There is some truth to that.
Certainly, the extraordinary bravery of the firefighters and other rescue personnel in New York and Washington provided an invigorating spectacle—as did Todd “Let’s Roll” Beamer and his fellow passengers on United Airlines Flight 93.
Having learned from their cellphones what had happened at the World Trade Center and the Pentagon, they rushed and overpowered the terrorists who had hijacked their plane.
As a result, the plane crashed on a remote Pennsylvania farm instead of on Pennsylvania Avenue. Who knows how many lives their sacrifice saved?
The widespread sense of condign outrage—of horror leavened by anger and elevated by resolve—testified to a renewed sense of national purpose and identity after 9/11.
At one time, American flags flew in front of a U.S. post office and a liquor store.
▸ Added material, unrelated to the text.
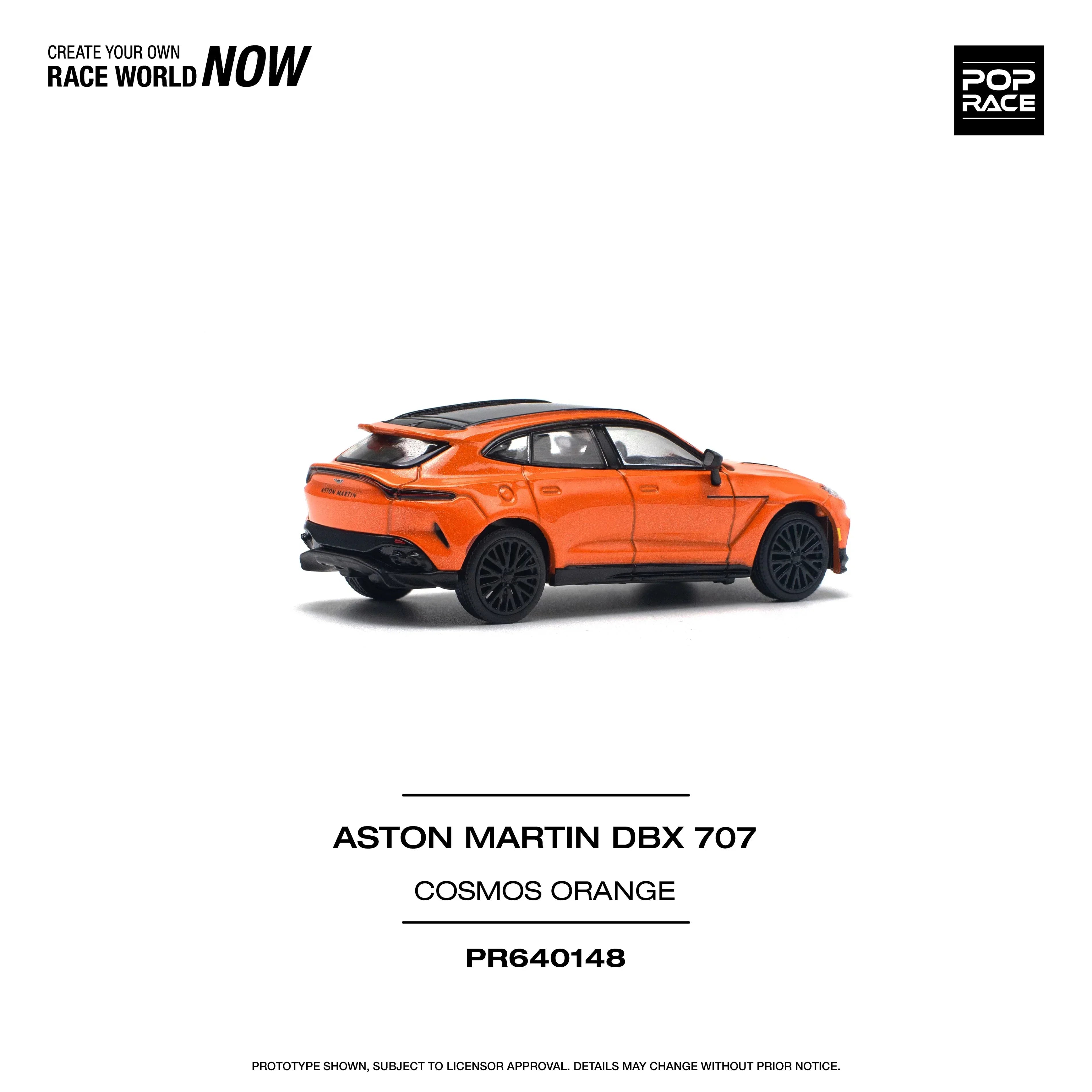 Premium scale diecast model car – Aston Martin DBX 707, 1:64 Scale (Orange) Collectible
At some point, the post office stopped displaying the flag, so on Sept. 11, 2001, the flag flew only in front of the liquor store.
Within two weeks, 17 American flags decorated that block of Charles Street, in addition to a huge flag suspended over the street close by.
“With their country under attack,” Huntington notes, “Charles Street denizens rediscovered their nation and identified themselves with it.”
Was that rediscovery anything more than a momentary passion? Huntington reports that within a few months, the flags on Charles Street began to disappear. By the time the first anniversary rolled around in September 2002, only four were left flying.
True, that is four times more than were there on Sept. 10, 2001, but it’s less than a quarter of the number that populated Charles Street at the end of September 2001.
There are similar anecdotes from around the country—an excess of flag-waving followed by a relapse into indifference.
Does it mean that the sudden upsurge of patriotism in the weeks following 9/11 was only, as it were, skin-deep?
Or perhaps it merely testifies to the fact that a sense of permanent emergency is difficult to maintain, especially in the absence of fresh attacks?
Is our sense of ourselves as Americans potent only when challenged?
“Does it,” Huntington asks, “take an Osama bin Laden ... to make us realize that we are Americans? If we do not experience recurring destructive attacks, will we return to the fragmentation and eroded Americanism before September 11?”
Cultural Dissolution
I am writing on Memorial Day 2021, just a few months before the 20th anniversary of 9/11.The behavior of those school children at Fort McHenry—behavior that was, I am happy to report, quietly encouraged by their teachers—suggests that the answer cannot simply be no.
But I fear that for every schoolchild standing at attention for the National Anthem, there is a teacher or lawyer or judge or politician, a Black Lives Matter spokesman, ACLU employee, or critical race theorist militating against the “hegemony of the dominant culture,” the insupportable intrusion of white, Christian, “Eurocentric” values into the curriculum, the school pageant, the town green, etc., etc.
The demonstration of national character and resolve following Sept. 11 was extraordinary.
It didn’t, however, purchase immunity from the virus of cultural dissolution advanced by an elite more taken with the woke imperatives of the 1619 Project—now incorporated in the curricula of some 4,500 schools—than lessons of 1776.
The sobering truth is that the display of national heroism and resolve following 9/11 has had little if any effect on the forces behind the fragmentation and “eroded Americanism” to which Huntington refers.
Those forces aren’t isolated phenomena; they aren’t even confined to America.
On the contrary, they are part of a global crisis in national identity, coefficients of the sudden collapse of self-confidence in the West—a collapse that shows itself in everything from swiftly falling birthrates to the attack on the whole idea of the sovereign nation-state.
It’s hard to avoid thinking that a people that has lost the will to reproduce or govern itself is a people on the road to destruction.
Which is one of many reasons we should look askance at the vice president of the United States telling us to “enjoy the long weekend” when she should have paid some homage to the men and women whose sacrifice made her little bubble of affluent privilege possible.